PROBLEM
Print every record exactly, with nothing added or left out.

RECORDS SHOWN
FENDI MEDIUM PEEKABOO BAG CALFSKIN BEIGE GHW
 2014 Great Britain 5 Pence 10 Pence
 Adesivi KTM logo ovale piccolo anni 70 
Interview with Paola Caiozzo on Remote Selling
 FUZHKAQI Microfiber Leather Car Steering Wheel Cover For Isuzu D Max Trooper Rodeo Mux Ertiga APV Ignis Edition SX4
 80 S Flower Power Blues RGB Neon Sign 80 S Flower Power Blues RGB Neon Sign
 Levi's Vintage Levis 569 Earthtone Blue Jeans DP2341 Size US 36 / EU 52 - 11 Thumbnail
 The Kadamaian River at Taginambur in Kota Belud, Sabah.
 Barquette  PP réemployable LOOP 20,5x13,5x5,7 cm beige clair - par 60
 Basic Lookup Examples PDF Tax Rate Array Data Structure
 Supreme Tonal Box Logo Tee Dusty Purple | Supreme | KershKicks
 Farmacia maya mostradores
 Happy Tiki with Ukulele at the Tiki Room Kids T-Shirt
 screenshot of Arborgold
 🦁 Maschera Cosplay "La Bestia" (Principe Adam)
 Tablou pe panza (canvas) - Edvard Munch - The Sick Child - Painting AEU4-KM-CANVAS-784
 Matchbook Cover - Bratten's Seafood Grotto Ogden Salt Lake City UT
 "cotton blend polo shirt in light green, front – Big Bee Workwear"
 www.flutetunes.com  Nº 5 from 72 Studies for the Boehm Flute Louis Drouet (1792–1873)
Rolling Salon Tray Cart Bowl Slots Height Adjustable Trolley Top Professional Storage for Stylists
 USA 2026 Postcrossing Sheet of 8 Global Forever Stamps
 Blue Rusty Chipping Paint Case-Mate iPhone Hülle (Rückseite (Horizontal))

SOLUTION TO THE PROBLEM
FENDI MEDIUM PEEKABOO BAG CALFSKIN BEIGE GHW
 2014 Great Britain 5 Pence 10 Pence
 Adesivi KTM logo ovale piccolo anni 70 
Interview with Paola Caiozzo on Remote Selling
 FUZHKAQI Microfiber Leather Car Steering Wheel Cover For Isuzu D Max Trooper Rodeo Mux Ertiga APV Ignis Edition SX4
 80 S Flower Power Blues RGB Neon Sign 80 S Flower Power Blues RGB Neon Sign
 Levi's Vintage Levis 569 Earthtone Blue Jeans DP2341 Size US 36 / EU 52 - 11 Thumbnail
 The Kadamaian River at Taginambur in Kota Belud, Sabah.
 Barquette  PP réemployable LOOP 20,5x13,5x5,7 cm beige clair - par 60
 Basic Lookup Examples PDF Tax Rate Array Data Structure
 Supreme Tonal Box Logo Tee Dusty Purple | Supreme | KershKicks
 Farmacia maya mostradores
 Happy Tiki with Ukulele at the Tiki Room Kids T-Shirt
 screenshot of Arborgold
 🦁 Maschera Cosplay "La Bestia" (Principe Adam)
 Tablou pe panza (canvas) - Edvard Munch - The Sick Child - Painting AEU4-KM-CANVAS-784
 Matchbook Cover - Bratten's Seafood Grotto Ogden Salt Lake City UT
 "cotton blend polo shirt in light green, front – Big Bee Workwear"
 www.flutetunes.com  Nº 5 from 72 Studies for the Boehm Flute Louis Drouet (1792–1873)
Rolling Salon Tray Cart Bowl Slots Height Adjustable Trolley Top Professional Storage for Stylists
 USA 2026 Postcrossing Sheet of 8 Global Forever Stamps
 Blue Rusty Chipping Paint Case-Mate iPhone Hülle (Rückseite (Horizontal))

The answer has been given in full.